→ **WORKING DATA**:
◇ ◇ ◇ ◇ ◇

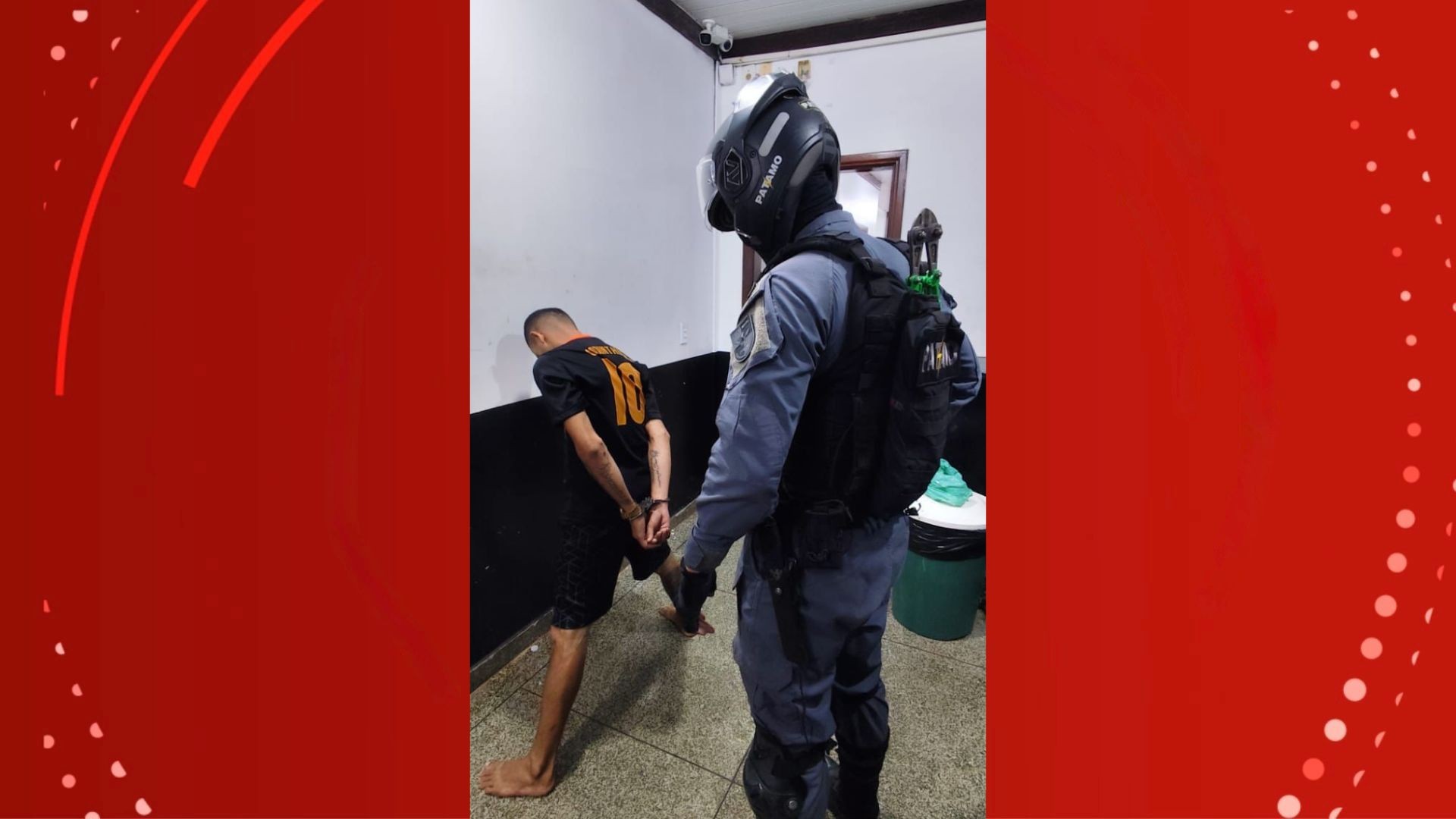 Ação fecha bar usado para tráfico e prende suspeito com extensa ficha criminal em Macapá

◇ ◇ ◇ ◇ ◇

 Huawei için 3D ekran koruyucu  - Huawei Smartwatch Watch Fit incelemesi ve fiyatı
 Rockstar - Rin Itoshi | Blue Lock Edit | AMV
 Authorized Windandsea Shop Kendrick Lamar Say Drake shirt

◇ ◇ ◇ ◇ ◇

→ **TASK PROMPT**: Word for word, restate the lines above from the line containing "Rockstar - Rin Itoshi | Blue Lock Edit | AMV" through the line containing "Authorized Windandsea Shop", with both included and nothing else.

→ **REPLY**:
 Rockstar - Rin Itoshi | Blue Lock Edit | AMV
 Authorized Windandsea Shop Kendrick Lamar Say Drake shirt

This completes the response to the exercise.